Top of PROVIDED INFORMATION
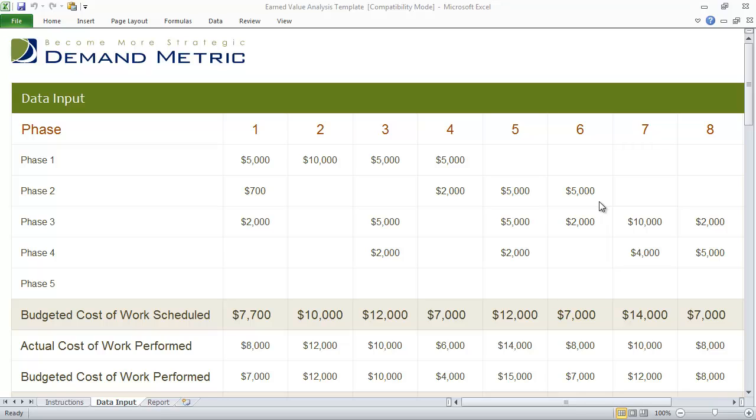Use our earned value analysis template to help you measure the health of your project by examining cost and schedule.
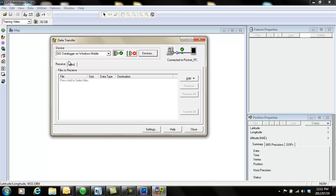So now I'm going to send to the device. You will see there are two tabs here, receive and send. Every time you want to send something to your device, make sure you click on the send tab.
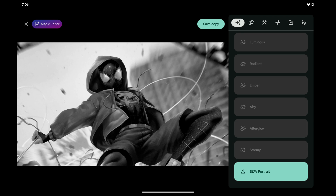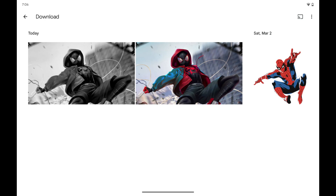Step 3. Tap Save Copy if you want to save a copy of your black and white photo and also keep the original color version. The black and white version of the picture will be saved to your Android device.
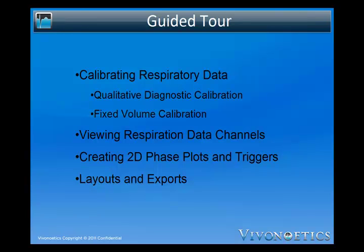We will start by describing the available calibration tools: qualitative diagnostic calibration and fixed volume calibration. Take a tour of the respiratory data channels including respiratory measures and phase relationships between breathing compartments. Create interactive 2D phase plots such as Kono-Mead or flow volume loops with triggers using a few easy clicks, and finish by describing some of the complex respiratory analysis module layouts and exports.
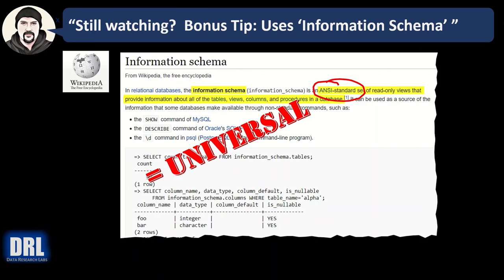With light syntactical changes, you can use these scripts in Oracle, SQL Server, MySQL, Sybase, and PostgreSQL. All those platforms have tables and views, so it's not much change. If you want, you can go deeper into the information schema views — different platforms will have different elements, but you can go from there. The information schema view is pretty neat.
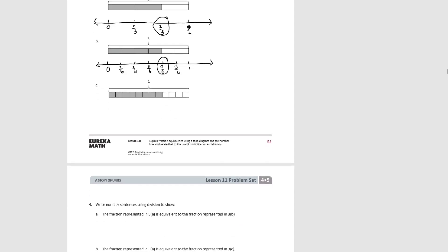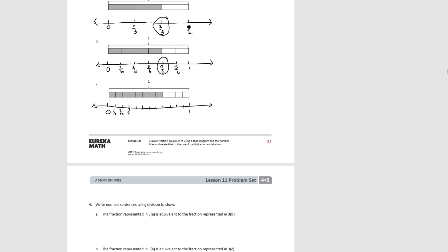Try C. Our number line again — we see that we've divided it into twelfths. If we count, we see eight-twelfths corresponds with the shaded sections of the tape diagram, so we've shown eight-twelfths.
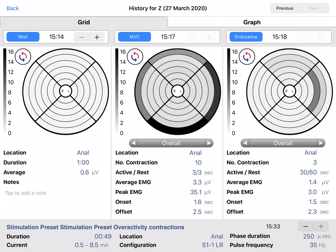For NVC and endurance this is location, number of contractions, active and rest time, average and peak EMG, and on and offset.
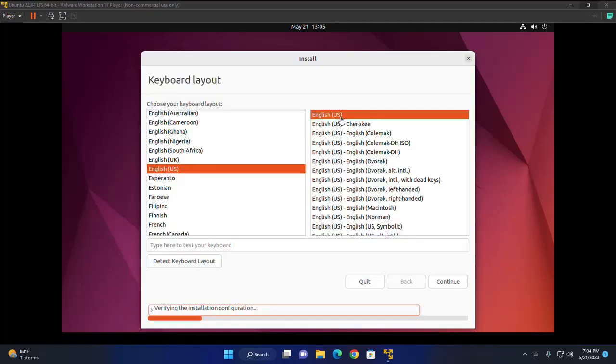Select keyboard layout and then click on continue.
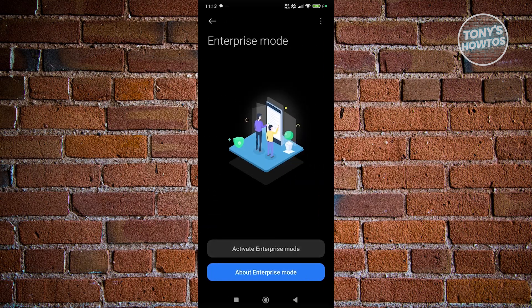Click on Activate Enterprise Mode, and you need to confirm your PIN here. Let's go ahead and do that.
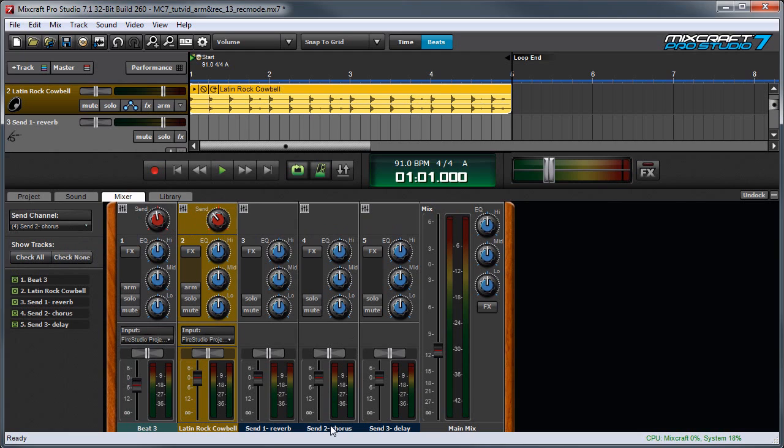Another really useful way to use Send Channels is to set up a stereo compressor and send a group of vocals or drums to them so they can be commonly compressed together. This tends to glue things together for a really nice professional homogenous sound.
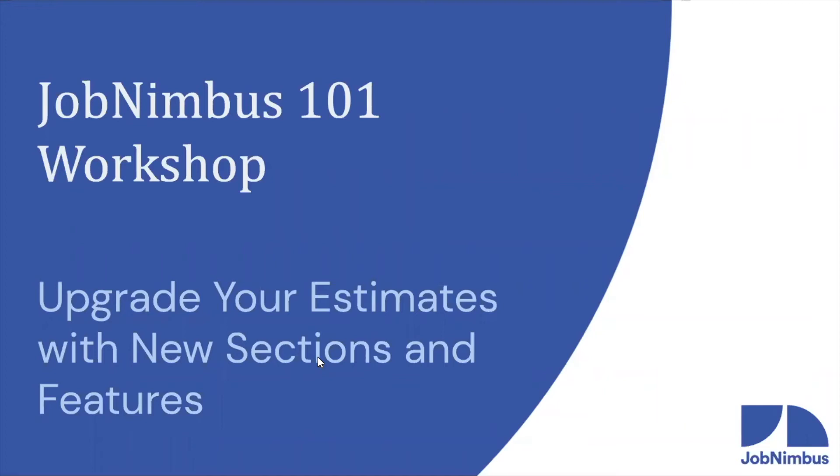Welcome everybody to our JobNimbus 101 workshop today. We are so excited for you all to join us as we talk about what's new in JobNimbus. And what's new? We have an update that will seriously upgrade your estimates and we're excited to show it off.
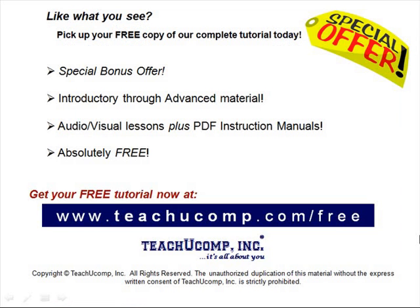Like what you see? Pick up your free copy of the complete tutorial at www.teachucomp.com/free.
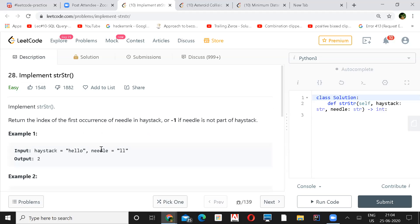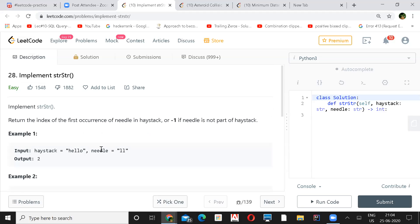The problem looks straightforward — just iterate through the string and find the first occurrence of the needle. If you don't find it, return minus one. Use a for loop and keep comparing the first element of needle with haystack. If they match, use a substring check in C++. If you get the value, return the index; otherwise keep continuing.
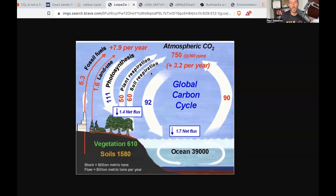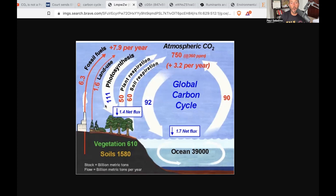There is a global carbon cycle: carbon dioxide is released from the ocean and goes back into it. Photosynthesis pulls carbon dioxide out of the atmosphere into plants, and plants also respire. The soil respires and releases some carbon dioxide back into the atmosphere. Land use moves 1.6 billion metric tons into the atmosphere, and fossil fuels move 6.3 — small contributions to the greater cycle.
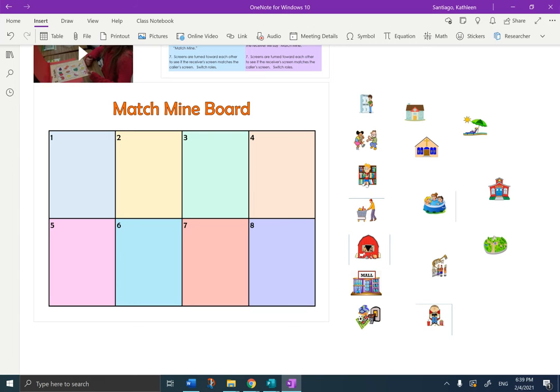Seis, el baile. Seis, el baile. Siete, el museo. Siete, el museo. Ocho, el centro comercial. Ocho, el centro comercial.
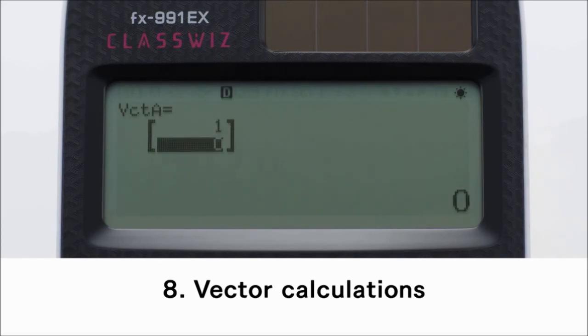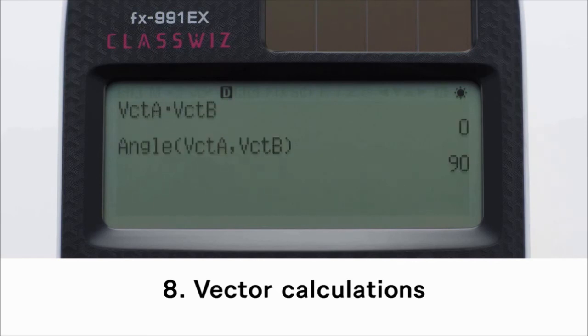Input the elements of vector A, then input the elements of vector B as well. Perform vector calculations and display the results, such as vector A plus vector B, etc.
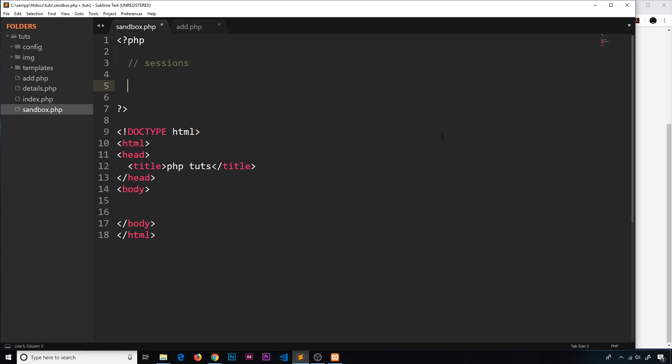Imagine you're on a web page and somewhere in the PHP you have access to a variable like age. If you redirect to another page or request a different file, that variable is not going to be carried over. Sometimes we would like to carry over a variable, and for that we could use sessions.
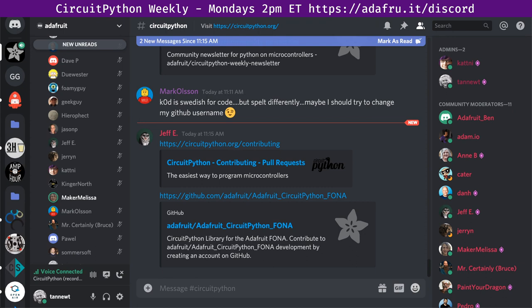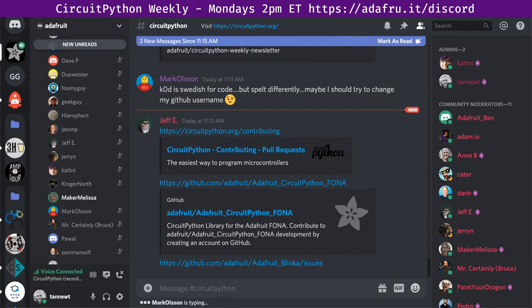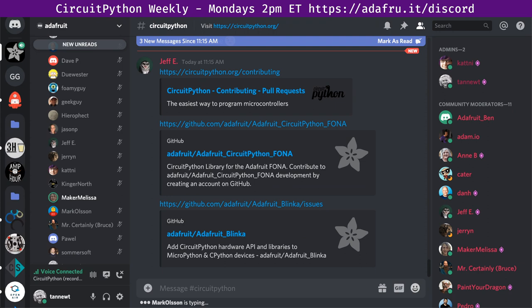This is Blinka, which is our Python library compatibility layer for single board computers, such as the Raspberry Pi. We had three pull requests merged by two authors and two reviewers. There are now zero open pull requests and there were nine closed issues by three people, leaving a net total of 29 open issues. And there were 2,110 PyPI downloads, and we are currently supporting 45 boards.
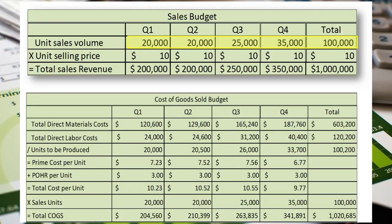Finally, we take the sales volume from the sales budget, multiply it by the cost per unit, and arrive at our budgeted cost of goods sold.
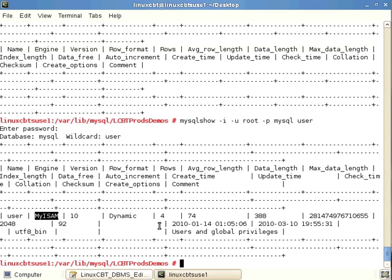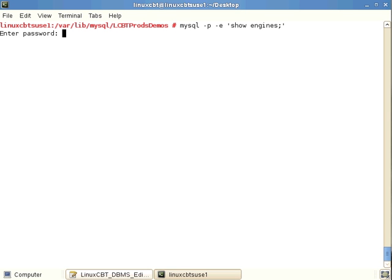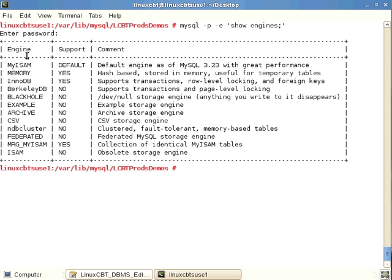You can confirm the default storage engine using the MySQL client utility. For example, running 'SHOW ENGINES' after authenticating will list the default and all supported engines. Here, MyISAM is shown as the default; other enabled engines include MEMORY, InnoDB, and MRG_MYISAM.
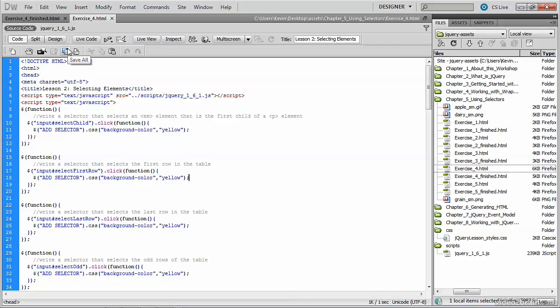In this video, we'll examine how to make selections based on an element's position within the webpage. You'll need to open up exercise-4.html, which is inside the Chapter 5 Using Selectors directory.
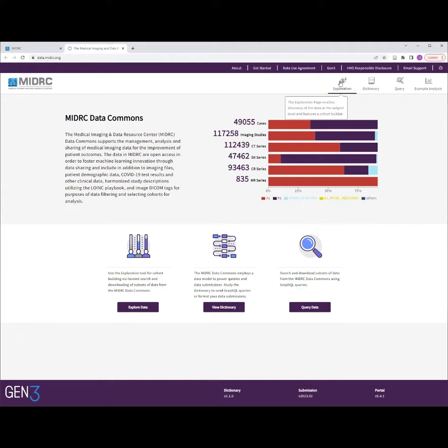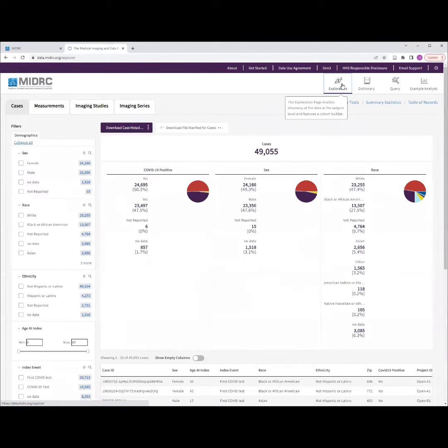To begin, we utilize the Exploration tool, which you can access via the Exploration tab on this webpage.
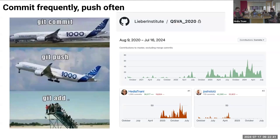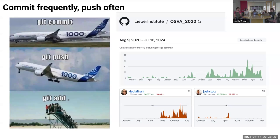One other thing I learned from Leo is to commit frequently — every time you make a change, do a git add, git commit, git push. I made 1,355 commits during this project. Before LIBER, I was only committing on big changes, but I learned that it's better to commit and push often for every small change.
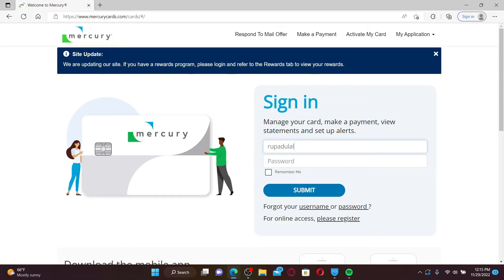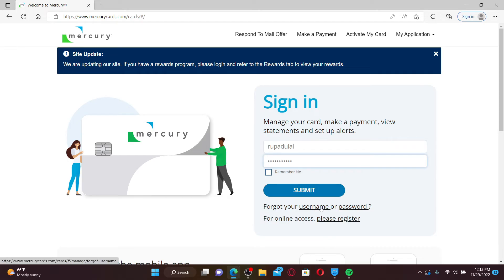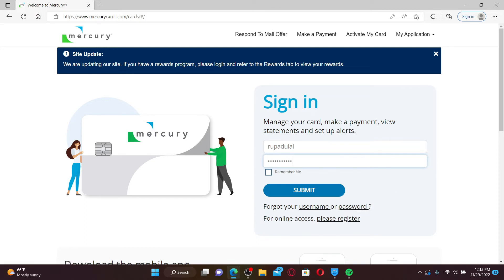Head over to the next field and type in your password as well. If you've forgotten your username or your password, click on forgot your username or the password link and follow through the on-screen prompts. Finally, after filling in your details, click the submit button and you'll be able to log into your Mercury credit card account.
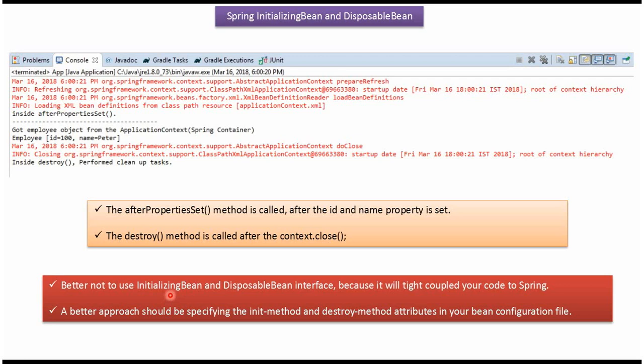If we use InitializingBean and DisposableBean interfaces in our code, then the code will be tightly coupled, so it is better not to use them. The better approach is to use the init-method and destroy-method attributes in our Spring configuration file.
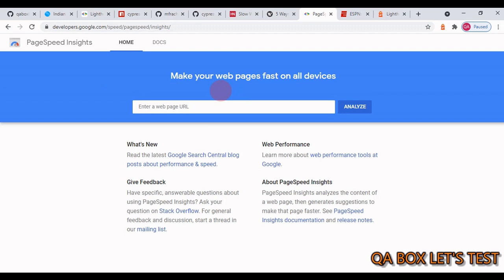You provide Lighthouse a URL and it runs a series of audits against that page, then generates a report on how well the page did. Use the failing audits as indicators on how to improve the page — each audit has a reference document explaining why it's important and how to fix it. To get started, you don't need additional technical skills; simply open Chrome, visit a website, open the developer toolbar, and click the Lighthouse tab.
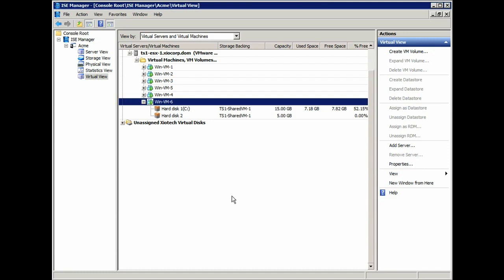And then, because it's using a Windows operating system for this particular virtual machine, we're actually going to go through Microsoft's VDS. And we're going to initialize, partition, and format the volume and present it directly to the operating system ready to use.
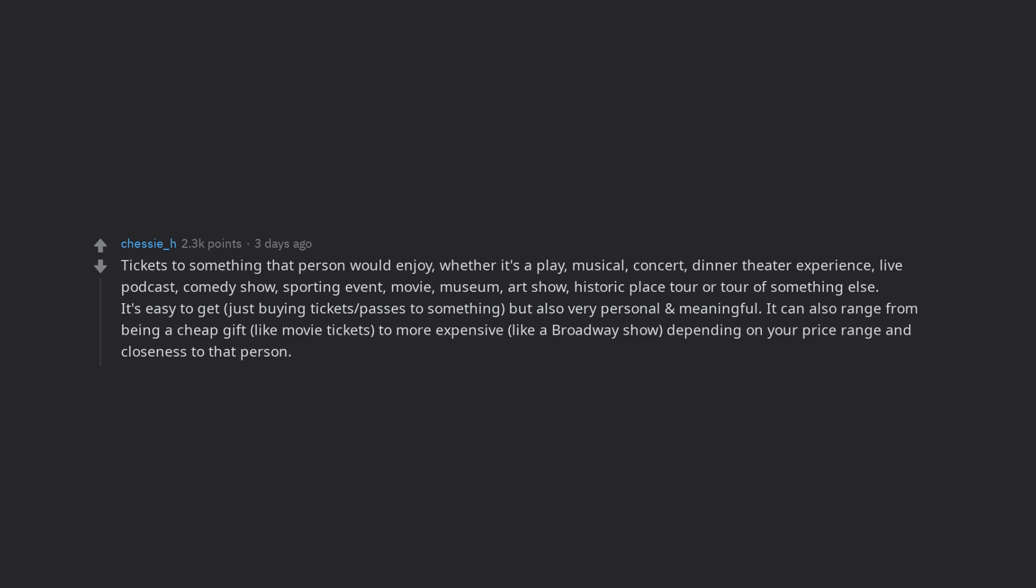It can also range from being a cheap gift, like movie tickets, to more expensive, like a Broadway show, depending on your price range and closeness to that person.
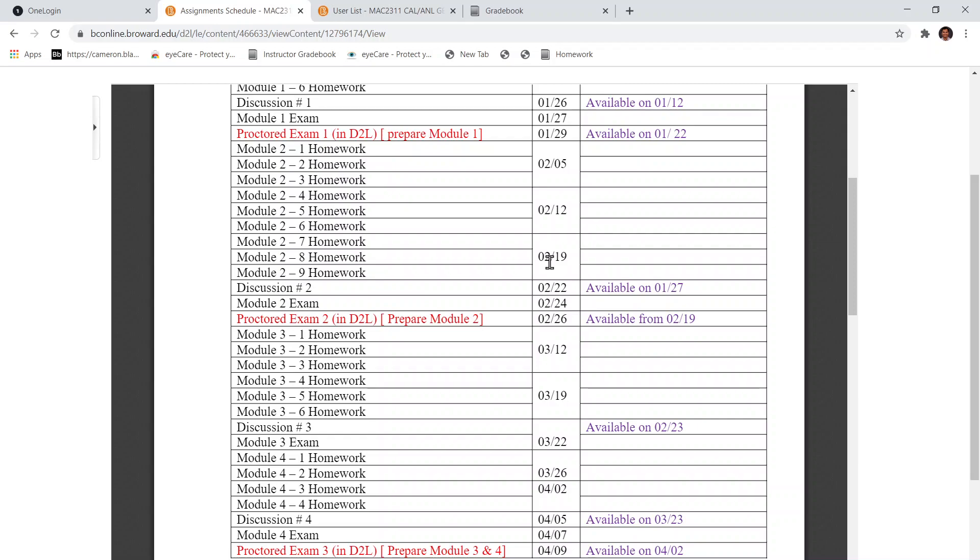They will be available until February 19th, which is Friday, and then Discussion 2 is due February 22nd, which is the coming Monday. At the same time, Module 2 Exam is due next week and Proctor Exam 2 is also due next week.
Bottom of PROVIDED INFORMATION
- **ACTION ITEM**
Where pictures appear, drop them, and reproduce exactly only the lines running from the beginning of the data to the line that contains "With light syntactical", inclusive.

- **SOLUTION TO THE PROBLEM**
Use our earned value analysis template to help you measure the health of your project by examining cost and schedule.
So now I'm going to send to the device. You will see there are two tabs here, receive and send. Every time you want to send something to your device, make sure you click on the send tab.
Step 3. Tap Save Copy if you want to save a copy of your black and white photo and also keep the original color version. The black and white version of the picture will be saved to your Android device.
We will start by describing the available calibration tools: qualitative diagnostic calibration and fixed volume calibration. Take a tour of the respiratory data channels including respiratory measures and phase relationships between breathing compartments. Create interactive 2D phase plots such as Kono-Mead or flow volume loops with triggers using a few easy clicks, and finish by describing some of the complex respiratory analysis module layouts and exports.
With light syntactical changes, you can use these scripts in Oracle, SQL Server, MySQL, Sybase, and PostgreSQL. All those platforms have tables and views, so it's not much change. If you want, you can go deeper into the information schema views — different platforms will have different elements, but you can go from there. The information schema view is pretty neat.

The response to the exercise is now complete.